Quote:
Originally Posted by chandrika
Is that because they will spoof their ip addresses to look like the SE spiders IP addresses?
I have also tried limiting the number of allowed connections to my server, so that no one IP can have more than a set number of connections going without getting blocked. As I was told that the SE do not make so many connecions, that that is only scrapers and it does not appear to have hampered the legitimate bots doin that.
But these sites, I do not think they are directly spidering my site, I know they can, but it would be alot less easy for them than just having the urls given to them in the sitemap, which can simply be uploaded to their database for use in this link hijacking, without having spidered anything.

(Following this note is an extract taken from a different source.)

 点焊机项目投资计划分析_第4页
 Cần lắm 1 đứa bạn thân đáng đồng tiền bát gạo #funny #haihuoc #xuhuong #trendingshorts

I previously reported a couple of these sites to Google and I have noticed they have been removed, but I dont want to spend my days reporting stuff like that. I just want to secure my site so it isnt an issue and I can get on with my work.
|
Legitimate spider/crawlers/robots do not need a site map in order to index a site; therefore, there is no need for scrapers to impersonate SEs in order to do their job. All of these do precisely the same thing - locate and retrieve data from your site. The difference lies solely in what they do with this data once it's been obtained.
And, as there are legitimate uses for scrapers, I should not be surprised to find that some observe the rules set forth in a site's meta-data instructions to robots.
The only way to stop any undesired bot from accessing your site, regardless of its purpose, is to identify and block the IP address(es) that it uses.